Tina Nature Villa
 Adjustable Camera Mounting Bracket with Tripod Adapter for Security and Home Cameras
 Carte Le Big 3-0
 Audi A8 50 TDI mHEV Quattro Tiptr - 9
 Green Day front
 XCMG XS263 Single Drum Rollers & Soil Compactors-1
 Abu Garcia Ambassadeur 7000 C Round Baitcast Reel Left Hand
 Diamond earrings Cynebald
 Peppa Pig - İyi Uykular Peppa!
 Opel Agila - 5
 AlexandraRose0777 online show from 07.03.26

-------------------------

**Work item:** Lines from the one containing "Diamond earrings Cynebald" through the last line of the data above are the only output wanted; restate them exactly.

**Answer to the exercise:**
 Diamond earrings Cynebald
 Peppa Pig - İyi Uykular Peppa!
 Opel Agila - 5
 AlexandraRose0777 online show from 07.03.26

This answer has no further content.